As every visitor to Italy knows, scioperi come and scioperi go--almost always before I can even glean what the strike was against, or what for. In fact, few people seem to know the purpose of all the various strikes, which tend to shut down our son's school about once a month, and the vaporetti for most of two Fridays per month. 

But today's strike was different. This one was in favor of 12 concrete and admirable proposals, ranging from issues affecting women, students, immigrants, workers and pensioners to upcoming referendums opposing nuclear power and the privatization of the water supply. Copies of these proposals were well circulated, and simultaneous demonstrations organized in three other towns in the region in addition to Venice. In Venice there was a march from Piazzale Roma to Campo Santo Stefano, where the rally you see above was held.

I'm terrible at estimating the size of a crowd. There were at least 1,500 people. Perhaps 2,000? More than typically attend the games of Venice's Serie D calcio (soccer/football) team--and this was heartening to see. There was a good turnout of students from the university.

One man in the crowd--I kid you not--was smoking Che Guevara brand cigarettes. I saw him take one from a small vivid red box adorned with the face and name of the revolutionary. Don't know if Che would've been in favor of this kind of branding. At least it could have been cigars.


  1. This does sound like an admirable (and unusual) Italian strike!

    There are strikes that close your son's school? Do the teachers go on strike?
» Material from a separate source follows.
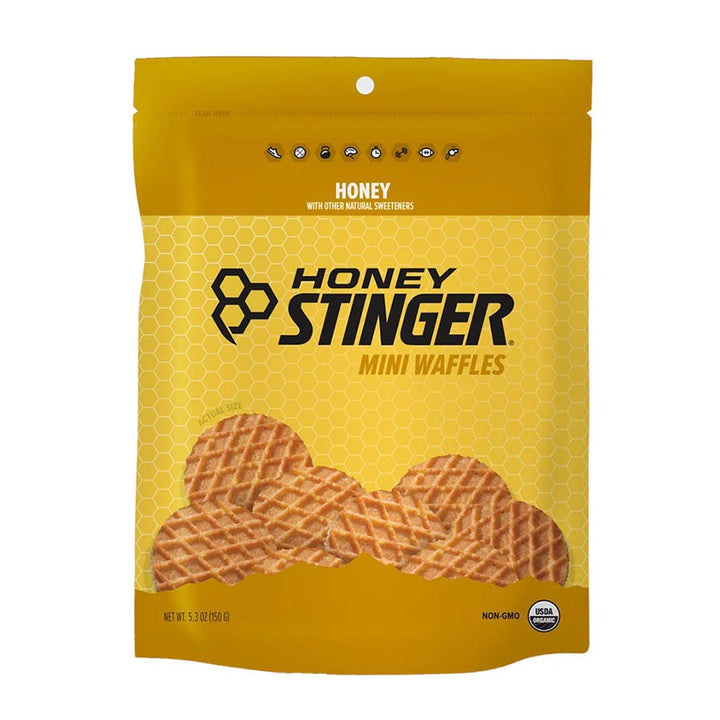 Honey Stinger - Mini Waffles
How strange.

    Twice I've been in Venice when the vaporetti were on strike; I enjoyed seeing the canals a bit more empty.

  2. The strikes don't necessarily close the entire school. For the strike pictured in this entry the two very good teachers who teach my son's pre-school class (nicknamed "i gattini", or kittens) decided not to come to work, but I think that other teachers still taught their classes. For other strikes, the teachers may all be willing to work, but the women who cook lunch or help the kids use the restrooms and so on may decide to strike. If these women go out on strike for a half or full day then the school must close.

    I agree about the benefit of fewer vaporetti during a strike--but, of course, only on those days when I don't need to get quickly from one end of the city to the other!